WHEN THE CHIPS ARE DOWN (EMERGENCY PLAN)
Finally, there are those students who have just not made it to the required standard in time for their exam. Whatever the reason, you need to defuse their anxiety about the imminent test. As they try out specimen tests at their grade in the lesson, notice what seems to be the main problem. It will likely be one of the issues already mentioned, such as bass reading or managing two parallel lines of notation and two hands. Playing only on the first beat will not help – that is an ensemble or practice hack – and alternate bars do not produce a musical result, so something else will have to be jettisoned. Given that the ABRSM awards up to ten marks for playing nonsense (which is roughly how the exam marking criteria translate out of examiner-speak) the first thing is to reassure them that they should definitely play something. If they can play in the right key, and in the right rhythm, but not with both hands, advise them to find which hand has the melody and concentrate on producing a good version of that, with a tiny bit of hands-together at the beginning and the end just to show willing (and make it more musical). And if sometimes what comes out is confident rhythmical rubbish, at least it will sound confident and rhythmical!

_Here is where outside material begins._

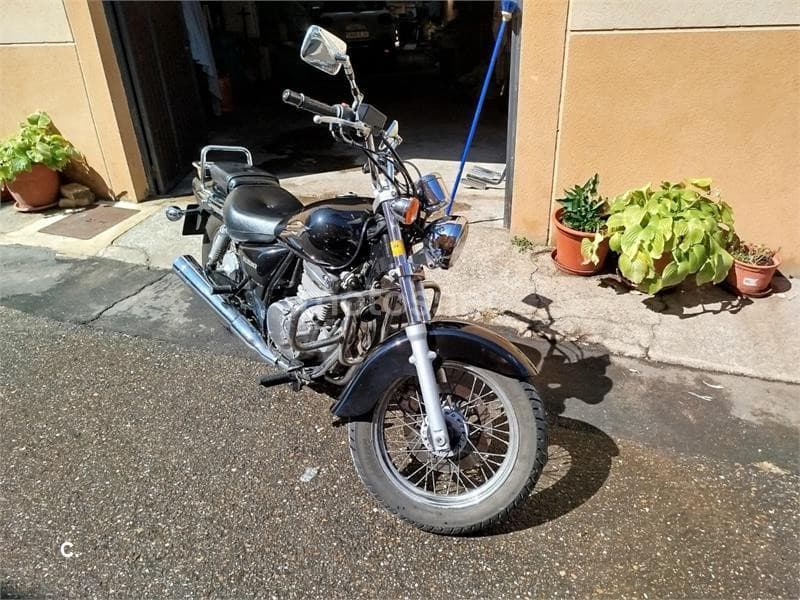 Suzuki Marauder 250 1200 € 2006 León - 3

What to do when you start collapsing into a vortex of wrong notes? Give up on them! Force the eye away from the immediate bar and look for something you can definitely find and play correctly. Keep counting! Having practised playing nonsense on purpose, the student will be able to bluff a bit whilst turning their attention forwards. This ability to manage the attention, avoid panic and select a new place to start is a life saver in any sight reading situation.
And remember – in the long term, sight reading is a genuinely useful piano skill, well worth cultivating. Daily attention to it, not as a doomed exam-related chore but as the fun and intriguing business of playing new music, will bring real improvement and – most importantly – confidence.